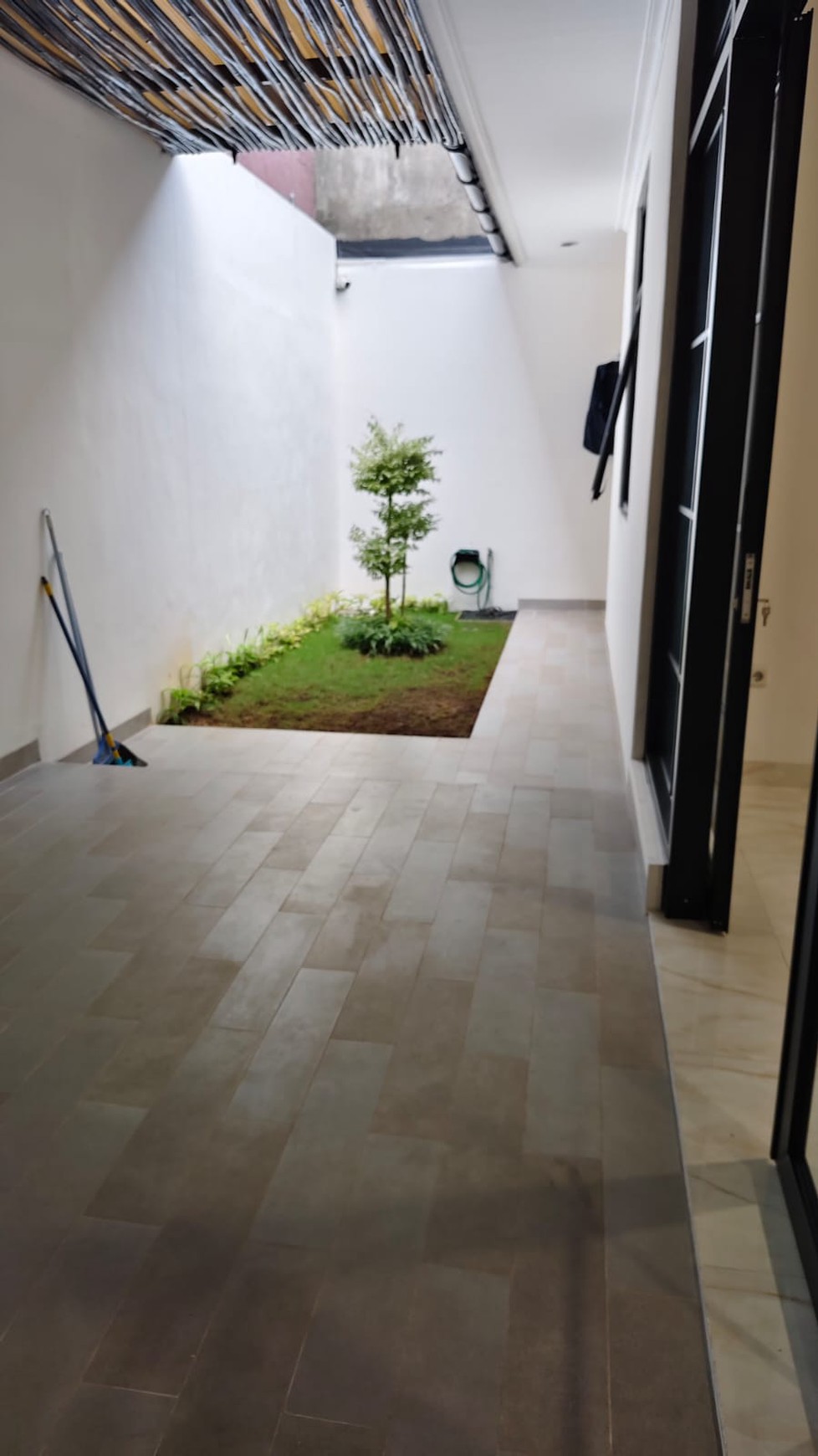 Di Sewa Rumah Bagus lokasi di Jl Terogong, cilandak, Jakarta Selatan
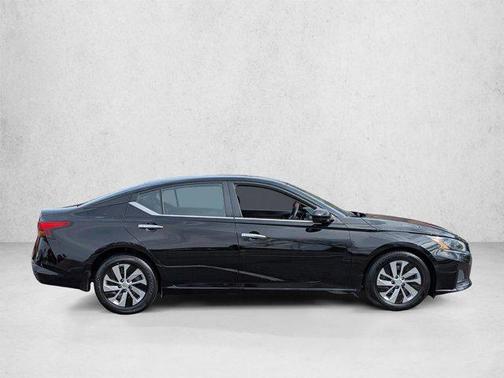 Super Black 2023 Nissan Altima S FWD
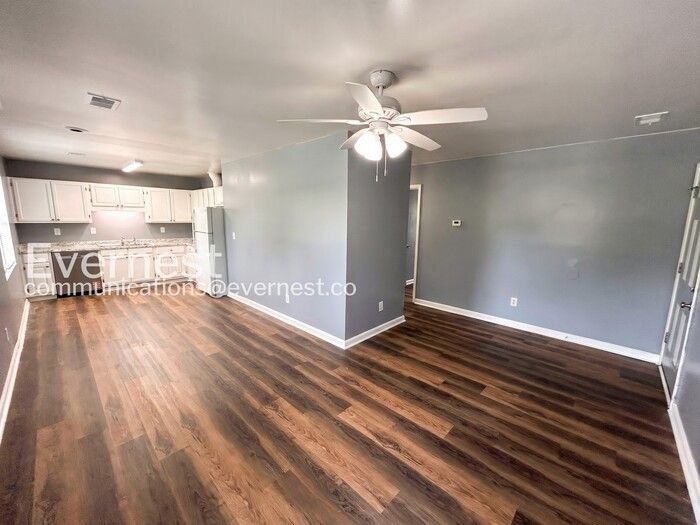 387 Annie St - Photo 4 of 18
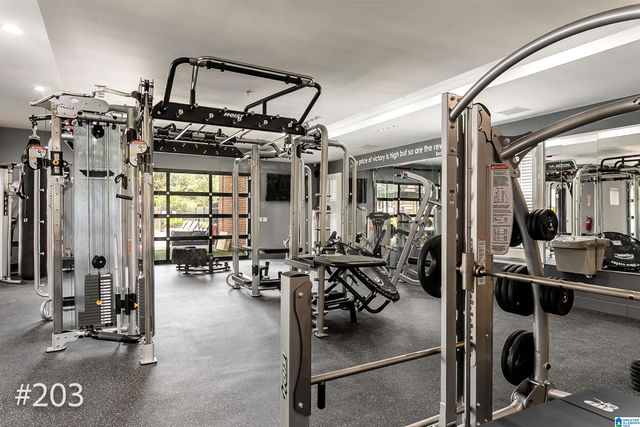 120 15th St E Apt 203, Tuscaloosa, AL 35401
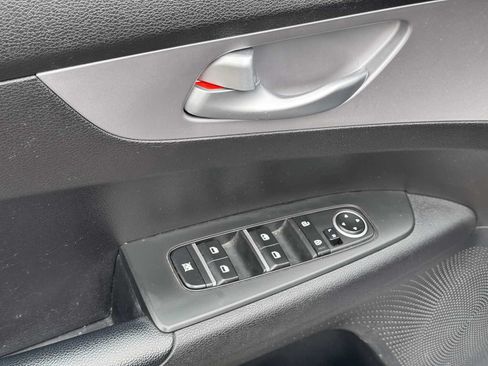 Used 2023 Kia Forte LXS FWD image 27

■ **What to work on**
Every line above should be transcribed word for word; leave the pictures out.

■ **Exercise output**
 Di Sewa Rumah Bagus lokasi di Jl Terogong, cilandak, Jakarta Selatan
 Super Black 2023 Nissan Altima S FWD
 387 Annie St - Photo 4 of 18
 120 15th St E Apt 203, Tuscaloosa, AL 35401
 Used 2023 Kia Forte LXS FWD image 27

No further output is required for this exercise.